Por otro lado, la impronta de la APS y su impacto en las discusiones sobre los perfiles a los que apunta la formación médica en el continente latinoamericano, apelan a la comunicación como un eje sustancial y una herramienta decisiva a la hora de identificar los atributos que deberían caracterizar el profesionalismo de los futuros médicos comprometidos con la estrategia. No obstante, la misma surge enunciada y declamada sin involucrar categorías teóricas de las Ciencias Sociales ni las perspectivas latinoamericanas que ya en el devenir del campo Comunicación y Salud han tenido trascendencia en la superación del “sesgo instrumental”. En este sentido, se vuelve necesario analizar críticamente incluso, el discurso que sostiene la APS sobre la comunicación en la formación médica.
Finalmente, el campo Comunicación y Salud se propone como referente epistémico para fortalecer la formación en comunicación en la formación médica. Desde su constitución, se ha dado las discusiones necesarias en torno al legado desarrollista y las consecuencias de reproducir discursos, prácticas y estrategias centradas en perspectivas instrumentales, que tomaran lo comunicacional en términos estrictamente funcionales u operativos. Tal como resalta Petracci et al, “lo comunicacional en salud no es meramente una estrategia de pasos a seguir. Si bien ponerla en marcha será necesario, el punto de partida es teórico y conceptual” (2010, p. 1). Un debate fructífero que aloje dicho “punto de partida” es lo que no se percibe en las discusiones iniciales que legitimaron académicamente la incorporación de la comunicación en la formación médica.
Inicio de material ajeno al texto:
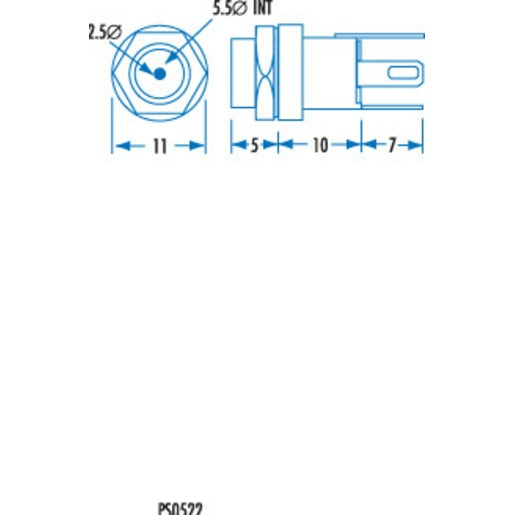 2.5mm Bulkhead Male DC Power Connector(PS0524) - 2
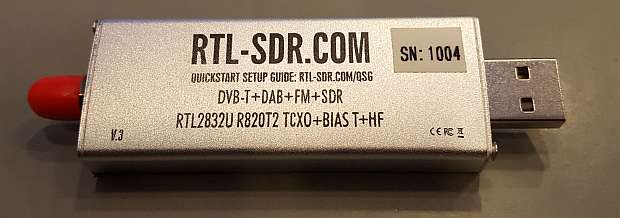 RTL-SDR Blog USB receiver, used for HF through UHF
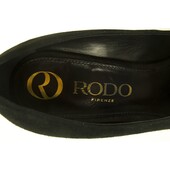 RODO Black Suede Gold Platform Pumps Stiletto Heel sz 36.5 Shoes w. Box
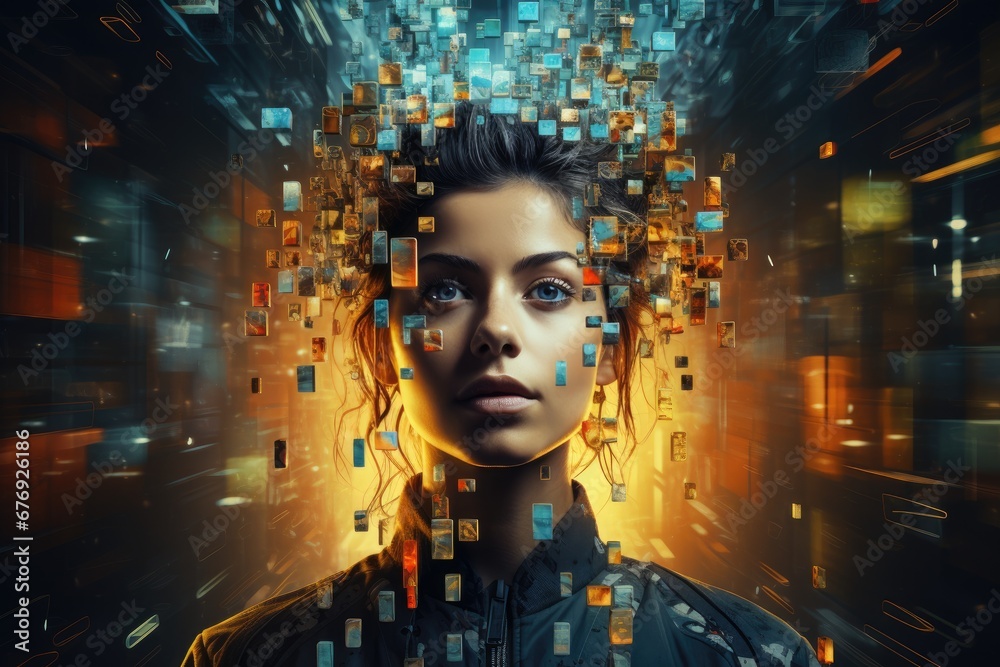 Poster Woman with digital data exploding from mind in abstract cyber environment.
Tampoco se advierten indicios de un tratamiento crítico en el discurso de organismos internacionales y latinoamericanos que impulsan la formación alineada a la concepción de APS.
El campo también aporta sustantivamente al fortalecimiento de una formación ético-política, ya que concibe la relación medicina-salud-comunidad a través de las desigualdades y asimetrías que residen en constructos simbólicos arraigados y legitimados pero disputables desde lo comunicacional. Disputa que se vuelve posible al internalizar lo comunicacional como un proceso esencialmente social y cultural, desde el que se revela y comprende la construcción de roles, representaciones, discursos y creencias. Miradas y perspectivas que permiten cuestionar y consecuentemente, modificar las desigualdades naturalizadas en el ámbito de la medicina y la salud.
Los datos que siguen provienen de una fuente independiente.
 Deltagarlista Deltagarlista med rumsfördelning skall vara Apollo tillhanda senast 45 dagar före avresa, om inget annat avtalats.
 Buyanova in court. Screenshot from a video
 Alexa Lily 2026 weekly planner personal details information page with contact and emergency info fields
En suma, los conceptos, la producción de conocimiento y las apuestas actuales del campo Comunicación y Salud, apuntan a la construcción de autonomía en el campo de la salud (Petracci, 2012) y ese objetivo es justamente el principio para una formación cada vez más crítica y comprometida con la democratización del conocimiento científico-médico y la construcción de una cultura de salud.